### What is required
Could you print every line from the first one of the records below through the line containing "weißes minikleid aus", with both included and nothing else?
· · · · · · ·
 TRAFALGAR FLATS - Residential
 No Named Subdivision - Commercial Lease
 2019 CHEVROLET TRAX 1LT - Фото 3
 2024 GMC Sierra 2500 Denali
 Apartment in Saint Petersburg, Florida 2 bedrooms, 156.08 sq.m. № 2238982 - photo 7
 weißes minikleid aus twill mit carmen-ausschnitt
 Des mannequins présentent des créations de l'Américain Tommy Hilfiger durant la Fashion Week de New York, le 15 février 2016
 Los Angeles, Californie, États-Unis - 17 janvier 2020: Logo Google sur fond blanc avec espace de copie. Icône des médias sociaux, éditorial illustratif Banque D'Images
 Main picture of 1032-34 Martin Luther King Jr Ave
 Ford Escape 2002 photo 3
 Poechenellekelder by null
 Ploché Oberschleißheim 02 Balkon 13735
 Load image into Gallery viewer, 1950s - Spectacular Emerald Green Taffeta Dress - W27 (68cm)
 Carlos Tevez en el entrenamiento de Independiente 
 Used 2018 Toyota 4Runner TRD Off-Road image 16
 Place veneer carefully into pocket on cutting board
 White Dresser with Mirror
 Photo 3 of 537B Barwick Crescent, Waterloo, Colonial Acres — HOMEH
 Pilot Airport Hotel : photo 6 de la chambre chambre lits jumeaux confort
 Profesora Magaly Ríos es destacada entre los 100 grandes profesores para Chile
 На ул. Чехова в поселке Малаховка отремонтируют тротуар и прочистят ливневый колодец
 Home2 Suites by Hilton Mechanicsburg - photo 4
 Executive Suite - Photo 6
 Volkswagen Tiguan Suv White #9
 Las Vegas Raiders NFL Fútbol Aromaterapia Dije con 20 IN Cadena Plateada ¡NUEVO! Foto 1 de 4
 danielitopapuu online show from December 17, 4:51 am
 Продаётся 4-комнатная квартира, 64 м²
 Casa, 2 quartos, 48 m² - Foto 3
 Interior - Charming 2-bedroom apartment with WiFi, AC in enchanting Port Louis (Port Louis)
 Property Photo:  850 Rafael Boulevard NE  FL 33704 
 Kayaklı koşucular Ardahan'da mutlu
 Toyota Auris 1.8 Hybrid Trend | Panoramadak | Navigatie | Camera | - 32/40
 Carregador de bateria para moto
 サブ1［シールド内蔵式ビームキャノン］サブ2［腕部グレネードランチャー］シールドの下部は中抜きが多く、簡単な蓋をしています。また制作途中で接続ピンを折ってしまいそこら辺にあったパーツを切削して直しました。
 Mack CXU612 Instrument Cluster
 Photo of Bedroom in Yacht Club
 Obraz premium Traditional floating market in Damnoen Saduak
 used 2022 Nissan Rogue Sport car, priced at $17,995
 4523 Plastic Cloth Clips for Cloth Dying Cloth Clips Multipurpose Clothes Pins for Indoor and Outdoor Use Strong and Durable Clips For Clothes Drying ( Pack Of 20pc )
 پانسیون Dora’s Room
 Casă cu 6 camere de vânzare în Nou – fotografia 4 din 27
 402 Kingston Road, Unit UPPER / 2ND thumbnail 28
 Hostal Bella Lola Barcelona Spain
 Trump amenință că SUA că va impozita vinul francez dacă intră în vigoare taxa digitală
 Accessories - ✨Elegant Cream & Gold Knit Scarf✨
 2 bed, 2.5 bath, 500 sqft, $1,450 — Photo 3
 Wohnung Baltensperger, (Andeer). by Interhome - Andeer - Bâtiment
· · · · · · ·
### Reply to the exercise
 TRAFALGAR FLATS - Residential
 No Named Subdivision - Commercial Lease
 2019 CHEVROLET TRAX 1LT - Фото 3
 2024 GMC Sierra 2500 Denali
 Apartment in Saint Petersburg, Florida 2 bedrooms, 156.08 sq.m. № 2238982 - photo 7
 weißes minikleid aus twill mit carmen-ausschnitt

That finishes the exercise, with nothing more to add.